Он решил, что уедет в колледж, когда ему исполнится восемнадцать, и овладеет магическим умением в темной фотолаборатории извлекать изображения из кюветы. На прощальной вечеринке дряблое лицо Эрика будет сиять предвкушением того, как Крох поддастся очарованию Внешнего мира. Да, Крох на несколько лет подпадет под это очарование, но затем вернется в Аркадию, и навсегда. С этого самого момента и до отъезда надо каждый день готовиться к тому, что его ждет. Он знает, что единственное его оружие против угроз Внешнего мира – это знания и слова: когда в мыслях закипает тревога, он сто раз произносит “Ханна” или твердит “дезидерата, дезидерата”, пока слово не лишится всякого смысла. Если мысли его подбираются к запретному, или если липко снится маленькая Пух, которой всего двенадцать, но у нее приятное тело и пухлые губы, или если после уроков немецкого с Марлен он бежит в фотолабораторию, чтобы снизить давление в штанах, он просит прощения перед Хелле у себя в голове. Крох выучивает стихи и читает их, к ней адресуясь:
Поднимается ветер. Седалище одеревенело от сиденья на жестком камне, и волна тумана стекает с холма. В Аркадия-доме сейчас будет сбор на Первую смену завтрака. Слезы высохли, кожу лица стянуло. Подавить безымянную тоску, ползущую изнутри, можно, только сбежав с холма во всю прыть.
В Аркадию Крох возвращается в разгар утра. Он выжат. В свежем свете лес кажется более диким, менее безобидным, совсем как чащобы из книжки братьев Гримм, населившей его детство кошмарными существами. Он выходит на куст ирги, густо усеянный ягодами, и сначала собирает их в подол своей футболки, но потом приходится все-таки снять ее и завязать мешком, чтобы донести все.

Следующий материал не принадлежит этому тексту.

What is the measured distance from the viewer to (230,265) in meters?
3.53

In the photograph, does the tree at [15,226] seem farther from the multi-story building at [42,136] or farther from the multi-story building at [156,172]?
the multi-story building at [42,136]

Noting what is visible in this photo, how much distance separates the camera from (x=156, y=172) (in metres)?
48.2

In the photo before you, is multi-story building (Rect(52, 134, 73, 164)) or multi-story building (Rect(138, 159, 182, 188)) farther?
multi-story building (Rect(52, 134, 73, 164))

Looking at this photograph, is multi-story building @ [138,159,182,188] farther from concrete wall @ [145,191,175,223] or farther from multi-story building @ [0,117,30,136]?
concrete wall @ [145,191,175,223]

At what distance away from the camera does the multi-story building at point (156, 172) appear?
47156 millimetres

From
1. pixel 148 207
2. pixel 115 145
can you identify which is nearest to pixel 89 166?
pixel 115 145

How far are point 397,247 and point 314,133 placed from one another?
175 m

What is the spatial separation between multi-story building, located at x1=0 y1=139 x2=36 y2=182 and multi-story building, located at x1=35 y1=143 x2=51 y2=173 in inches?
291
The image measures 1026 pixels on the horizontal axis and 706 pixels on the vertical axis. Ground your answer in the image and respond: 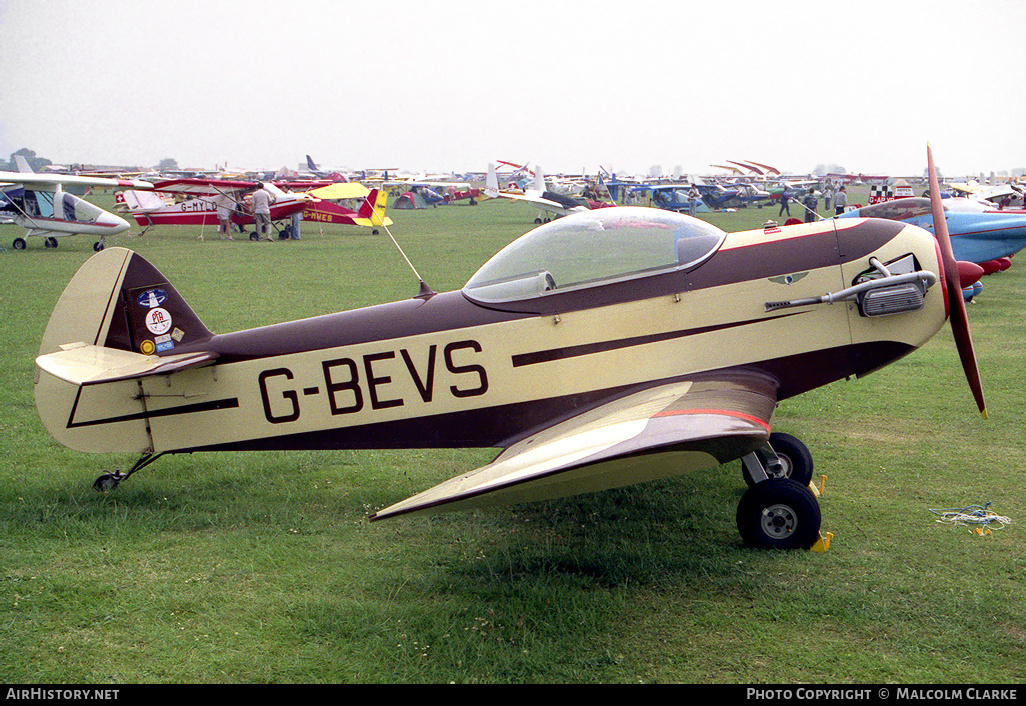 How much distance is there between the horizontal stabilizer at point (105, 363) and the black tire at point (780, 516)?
350 cm

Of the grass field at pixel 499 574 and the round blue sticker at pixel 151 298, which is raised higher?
the round blue sticker at pixel 151 298

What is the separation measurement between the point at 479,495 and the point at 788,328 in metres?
2.51

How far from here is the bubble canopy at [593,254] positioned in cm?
493

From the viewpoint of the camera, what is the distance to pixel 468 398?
4965 mm

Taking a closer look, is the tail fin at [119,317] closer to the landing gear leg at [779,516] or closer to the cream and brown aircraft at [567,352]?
the cream and brown aircraft at [567,352]

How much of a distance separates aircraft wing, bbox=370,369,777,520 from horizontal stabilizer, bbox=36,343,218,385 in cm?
222

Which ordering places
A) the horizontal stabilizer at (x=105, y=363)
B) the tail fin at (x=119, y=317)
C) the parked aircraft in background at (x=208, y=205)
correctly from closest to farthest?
the horizontal stabilizer at (x=105, y=363), the tail fin at (x=119, y=317), the parked aircraft in background at (x=208, y=205)

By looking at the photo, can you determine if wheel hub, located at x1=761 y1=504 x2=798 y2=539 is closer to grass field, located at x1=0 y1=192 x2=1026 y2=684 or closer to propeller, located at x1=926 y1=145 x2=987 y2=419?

Запах Аркадии он чувствует еще до того, как видит или слышит ее: сегодня чистка сортиров. Сельхозотдел компостирует дерьмо, смешивая его с соломой, и разбрасывает по полям как удобрение. Ассенизаторы уже за работой.
Издалека доносится людской шум – это ежедневное собрание Кайфунов, на которое все психованные, слетевшие с катушек, измученные и разрушенные ЛСД братья приходят, чтобы поведать, что привиделось им во сне. Теплится надежда, что братство и любовь смогут вернуть их самим себе, хотя пока это удалось лишь немногим. Кайфуны прибывают еженедельно, бесконечный поток страдальцев. К каждому приставляют двух взрослых Опекунов, оберегать их от самих себя. Хотя Кроху и совестно, но он рад, что пока еще слишком молод, чтобы работать там полную смену. Он ненавидит присматривать за Кайфунами, гнев и страх у них так сильны, что заражают, кажется, и его.

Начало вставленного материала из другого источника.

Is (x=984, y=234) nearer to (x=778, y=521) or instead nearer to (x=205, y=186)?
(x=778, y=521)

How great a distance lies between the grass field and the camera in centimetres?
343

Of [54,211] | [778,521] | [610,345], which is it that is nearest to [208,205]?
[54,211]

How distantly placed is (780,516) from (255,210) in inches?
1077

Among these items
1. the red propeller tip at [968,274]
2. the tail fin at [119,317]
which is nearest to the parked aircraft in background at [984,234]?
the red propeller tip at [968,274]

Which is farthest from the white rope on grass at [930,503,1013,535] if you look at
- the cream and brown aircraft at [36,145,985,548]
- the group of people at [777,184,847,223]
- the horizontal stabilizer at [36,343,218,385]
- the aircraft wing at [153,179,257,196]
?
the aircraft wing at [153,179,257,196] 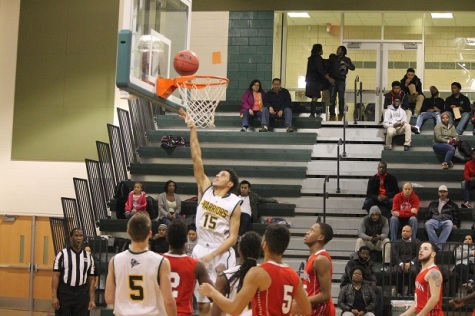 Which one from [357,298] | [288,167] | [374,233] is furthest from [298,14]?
[357,298]

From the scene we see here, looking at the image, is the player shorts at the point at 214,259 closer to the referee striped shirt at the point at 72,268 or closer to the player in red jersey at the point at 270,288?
the player in red jersey at the point at 270,288

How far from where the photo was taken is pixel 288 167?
18609 millimetres

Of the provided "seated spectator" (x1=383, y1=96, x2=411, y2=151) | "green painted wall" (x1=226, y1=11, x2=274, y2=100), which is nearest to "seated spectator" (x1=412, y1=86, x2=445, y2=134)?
"seated spectator" (x1=383, y1=96, x2=411, y2=151)

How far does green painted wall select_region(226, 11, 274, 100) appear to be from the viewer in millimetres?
21953

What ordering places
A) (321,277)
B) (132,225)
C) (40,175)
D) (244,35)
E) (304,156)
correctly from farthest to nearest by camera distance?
(244,35), (40,175), (304,156), (321,277), (132,225)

Крох выходит на Овечий луг, где от росы трава еще зеленей. Он кладет футболку с ягодами на землю, срывает пучок молодого клевера и трет, трет им лицо, чтобы скрыть следы слез, пока не чувствует себя умытым. Щеглы, как летучие рыбы, выпархивают из травы к солнцу и возвращаются обратно в траву, которая вздымается и волнуется на ветру. Вот теперь он в силах войти в Едальню, влиться в утреннюю суету. Он знает, что женщины похвалят его за ягоды. Даже, может, дадут добавку хлеба. Бережно прижав ношу из ягод к голой груди, он снова пускается в бег.